Eu infelizmente, e digo-o com pesar, continuo muito cético quanto às possibilidades de um acordo a curto prazo. Disse-o, aliás, logo a seguir ao início da guerra em fevereiro de 2022. É um caso de jogo de soma zero em que aquilo que um ganha o outro perde, pelo menos é assim que eles veem de ambos os lados e, por isso, vejo muito difícil uma hipótese de acordo no curto prazo. Devemos estar preparados para uma guerra de longa duração.

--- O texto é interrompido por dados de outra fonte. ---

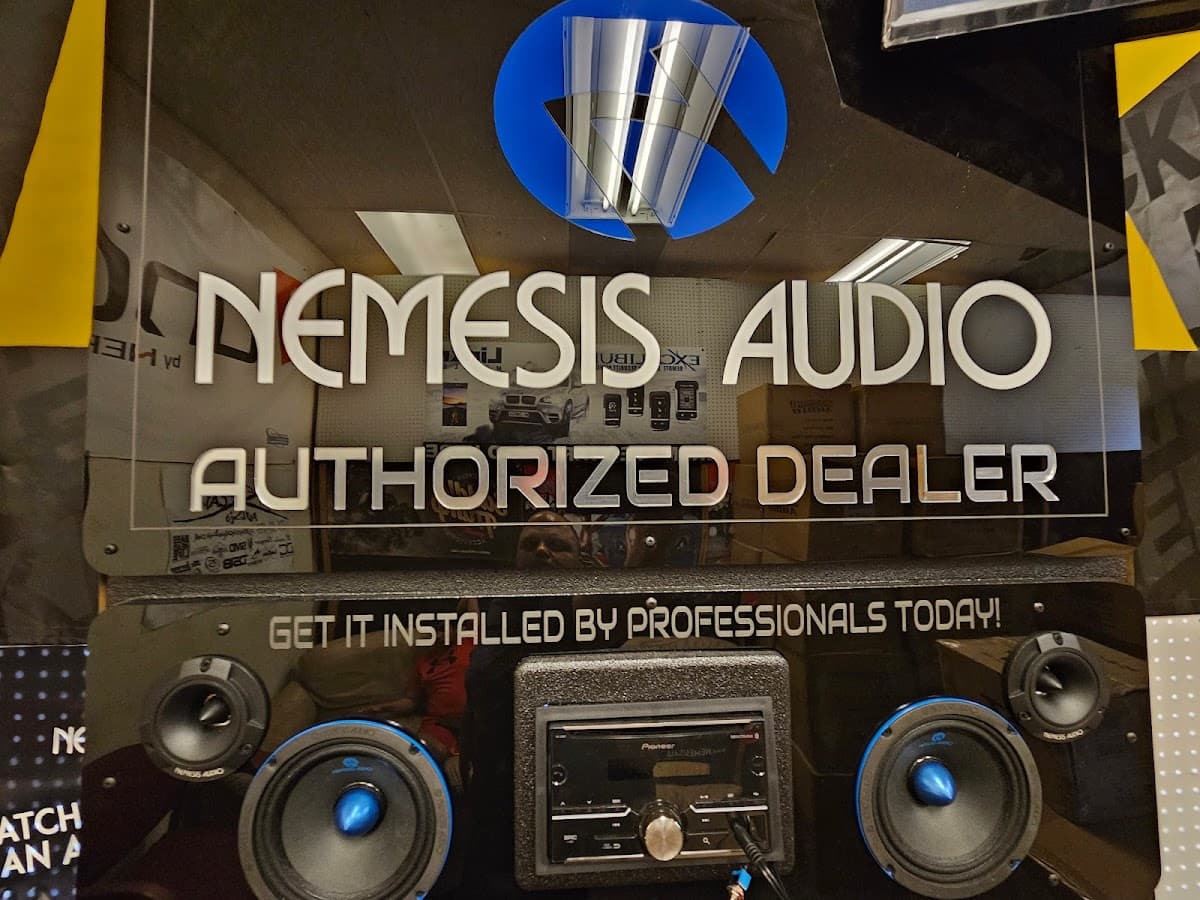 Moon Car Stereo image 4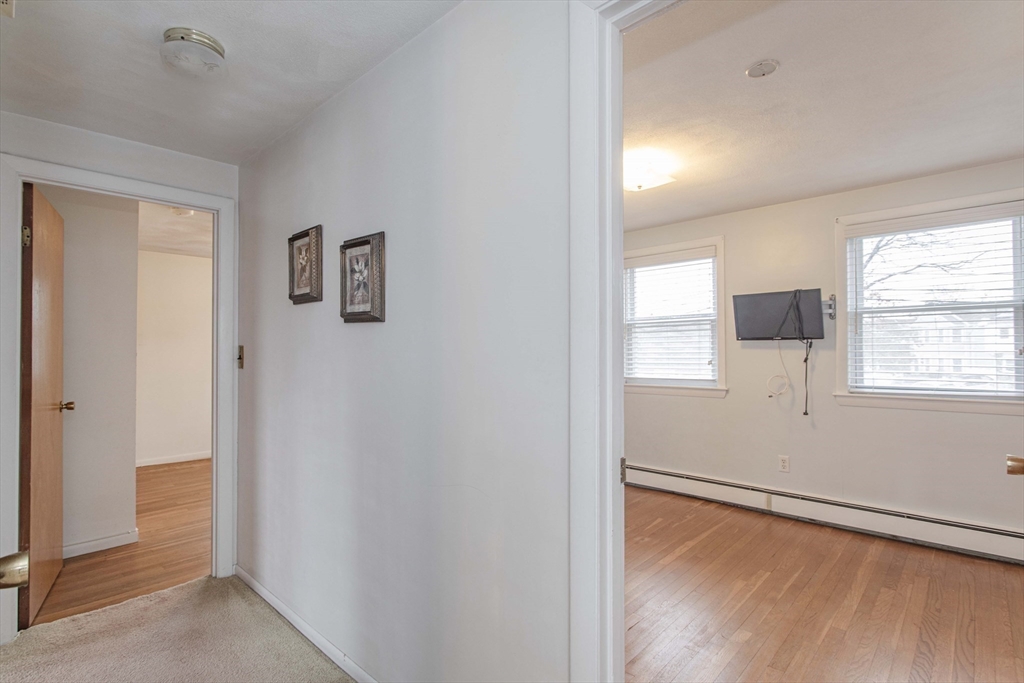 71 Vallaro Rd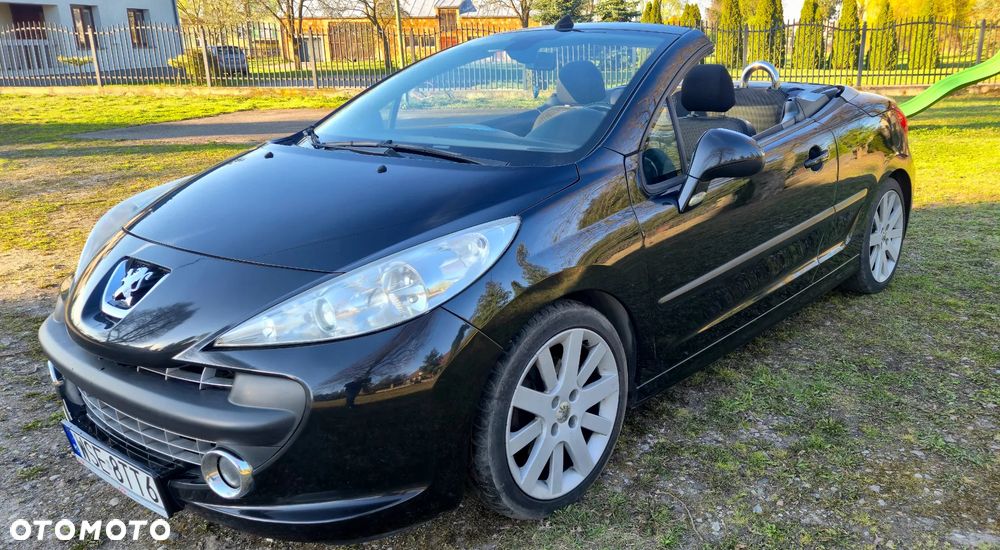 Peugeot 207 CC - 11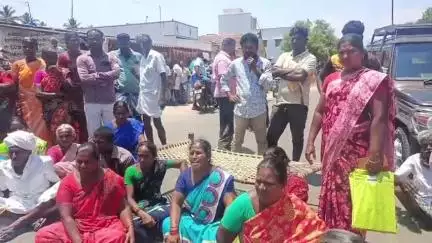 வாழப்பாடி: நடுப்பட்டியில் சொத்து தகராறு காரணமாக இறந்த அண்ணனின் உடலை மயானத்திற்கு கொண்டு செல்ல மறுத்த தம்பி - உறவினர்கள் சாலை மறியல்
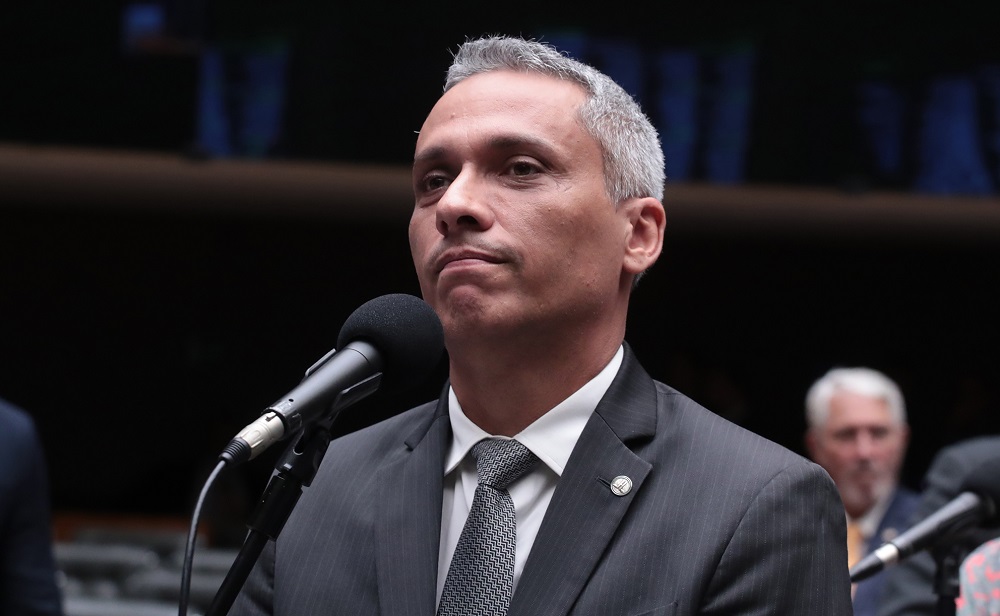 Deputado Gustavo Gayer é internado em Goiânia para tratar ob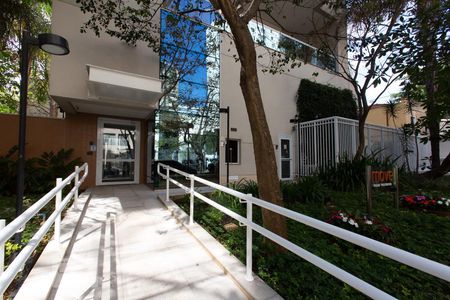 Apartamento para alugar com 76m², 2 quartos e 1 vagaFachada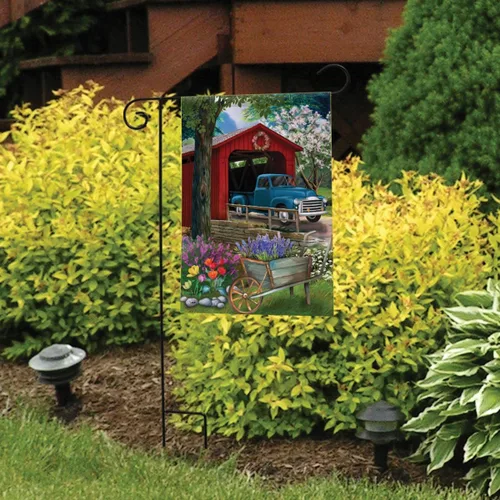 Miniatura 2 de Briarwood Lane - Bandera para el jardín de primavera con el puente en flor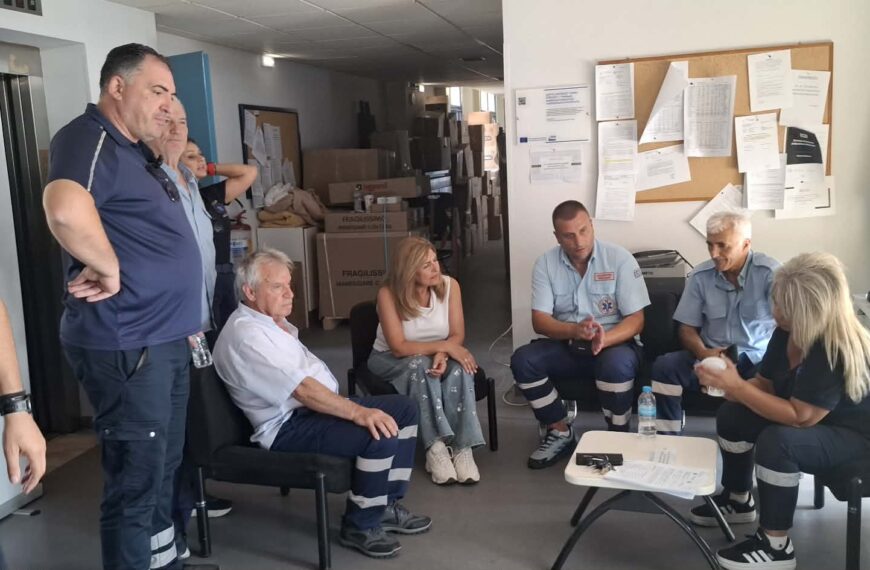 Ε. Λιακούλη: Παροπλισμένα ασθενοφόρα – Δεν μπορούν να ανταποκριθούν ούτε στις ανακοπές καρδιάς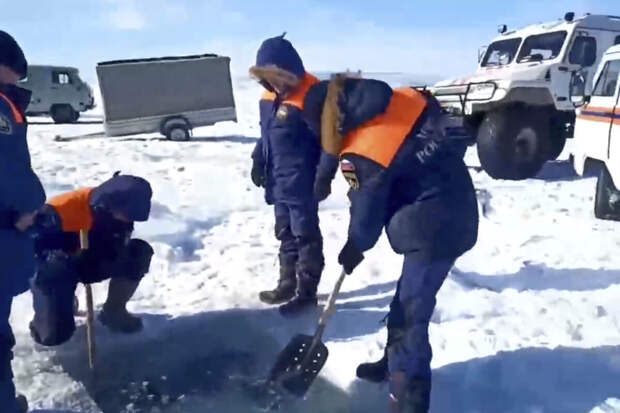 Кобзев: шесть человек спасли из двух машин, провалившихся под лед на Байкале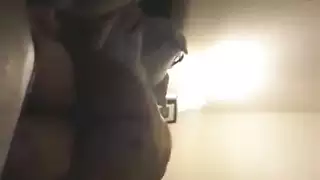 الجمال العربي يُضرب بقضيب أخيها غير الشقيق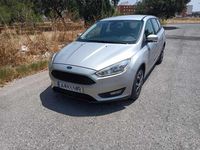 Usado Ford Focus 120 HP (88 kW) 2018 Cinzento Sedan
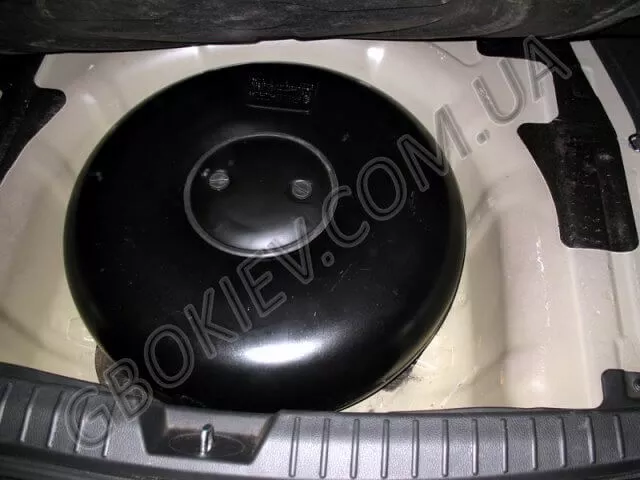 Газовый баллон 59 литров на Kia Optima 2.0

A ONU ainda pode ter algum papel nessa solução ou está imobilizada?
Eu não gosto muito de criticar a ONU porque é mais fácil criticar as organizações internacionais do que os governos. As organizações internacionais têm as costas largas.

Mas apesar dos bloqueios no Conselho de Segurança na verdade não há nada melhor do que a ONU até agora...
A verdade é que a ONU é a organização internacional com legitimidade global, se nós a enfraquecermos é pior ainda para a ordem global. O que se passa é que há um país, a Rússia, que é membro permanente do Conselho de Segurança, que tem direito de veto e que bloqueia um acordo. Na Assembleia Geral, houve 141 países, o que é um consenso muito forte, a criticarem a invasão da Ucrânia pela Rússia.

Portanto, não acredita que será através da ONU que se conseguirá chegar a um acordo para a paz?
Não será pelo Conselho de Segurança, mas, no final, qualquer solução que venha a ser encontrada deverá procurar ter o quadro de legitimidade, se quisermos, a bênção diplomática, da ONU, para ter alguma credibilidade e alguma sustentabilidade. Agora, a ONU é aquilo que forem as nações que fazem parte dela e, neste caso, estão infelizmente desunidas.

Aquela ideia de que Vladimir Putin está à espera de que Donald Trump ganhe as eleições presidenciais de novembro de 2024 e a América mude de atitude em relação à guerra na Ucrânia faz sentido para si?
É verdade que há muita inquietação quanto à possível vitória de Trump e ao impacto dessa vitória na situação na Ucrânia, mas também é verdade que até agora tem havido um muito sólido consenso bipartidário nos Estados Unidos em relação à questão da Ucrânia. Eu até costumo dizer que é, talvez, a única questão em que os republicanos e democratas têm concordado, a posição firme em relação à Rússia. E também em relação à China.